Von Peter Sawicki | 29.11.2018
    Anna Lukovkina, Inhaberin eines Kleidungsgeschäfts, in Kiew
    Anna Lukovkina, Inhaberin eines Kleidungsgeschäfts, in Kiew (Deutschlandradio/Peter Sawicki)
    In einem palastartigen Gebäude auf dem Kiewer Khreshchatyk-Boulevard durchdringt Popmusik in Dauerschleife die fünf Etagen. Kunden durchwühlen kunstvoll bedruckte Oberteile oder eng geschnittene Hosen. Viele denken pragmatisch, wie dieser Gast aus Estland:
    "Die Qualität scheint so zu sein, wie man es erwarten kann. Darauf kommt es ja am Ende an. Und ich sehe nicht, warum ukrainische Produkte schlechter sein sollten als deutsche oder norwegische."
    Bei anderen, wie diesem Einheimischen, schwingt Idealismus mit:
    "Die Sachen hier haben Stil. Und ich denke auch, dass man diese Idee und die Hersteller unterstützen sollte."
    "Vsi Svoi" heißt das Kleidergeschäft. Dessen Waren sind komplett aus ukrainischer Produktion. Dementsprechend der Name – "All unser" lautet er in etwa auf Deutsch.
    Lokale Produkte haben einen guten Ruf
    Inhaberin Anna Lukovkina glaubt, dass "Vsi Svoi" zu einem Paradigmenwechsel im Land beigetragen hat:
    "Es ist für Ukrainer üblich geworden, gezielt ukrainische Marken zu kaufen. Das zu bewirken, war eines unserer Ziele. Lokale ukrainische Kleidung hat einen guten Ruf."
    Kleidungsstücke etwa 250 ukrainischer Designer sind bei "Vsi Svoi" zu erwerben. Simple T-Shirts kosten umgerechnet circa zehn Euro, es gibt aber auch Jacken für bis zu 200 Euro. Traditionelle ukrainische Stickmuster oder Schriftzüge sind ein häufiges Merkmal.
    Ukrainer kaufen ukrainische Waren
    "Vsi Svoi" wurde 2016 eröffnet – die Idee dafür hatte Lukovkina schon vorher:
    "Nach der Maidan-Revolution sind in der Kleiderbranche viele gute lokale Marken entstanden. Das Problem war ihre räumliche Zerstreuung. Wir haben erkannt, dass wir dafür einen zentralen Ort schaffen müssen."

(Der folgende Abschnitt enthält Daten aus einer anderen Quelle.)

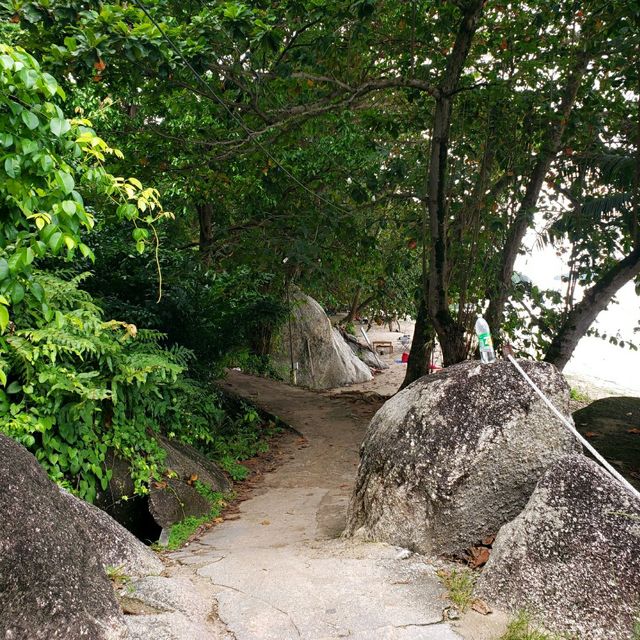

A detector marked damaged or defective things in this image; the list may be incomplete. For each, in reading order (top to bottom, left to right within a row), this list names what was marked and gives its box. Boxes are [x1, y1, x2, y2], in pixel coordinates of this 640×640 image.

    Das Konzept geht bisher auf. Vor kurzem hat "Vsi Svoi" eine zweite Filiale eröffnet.
    Dass der Maidan die ukrainische Wirtschaft verändert hat, meint auch Elena Besedina von der Kyiv School of Economics. Es habe nach 2013 eine Art patriotischen Boom gegeben, erklärt sie:
    "Diese vielen Einschnitte – die Krim-Annexion, der Kriegsbeginn im Osten – haben bei der Identität etwas bewirkt. Viele Ukrainer begannen, sich als solche zu fühlen. Das war auch ein Motiv, um öfter ukrainische Produkte zu kaufen."
    Schwierige Handelsbeziehungen mit Russland
    Neben Kleidern, ergänzt Besedina, seien etwa Honig und Milch "made in Ukraine" populärer geworden. Beigetragen hat dazu auch der sinkende Handel mit Russland in Folge gegenseitiger Sanktionen, wovon Lebensmittel betroffen sind:
    "Was man nicht exportieren kann, verkaufen wir zu Hause. Die Preise für ukrainische Lebensmittel sind durch den Konflikt mit Russland gesunken. Das Gleiche war ab 2014 in westeuropäischen Ländern wie Finnland zu sehen, das ist eine übliche Auswirkung."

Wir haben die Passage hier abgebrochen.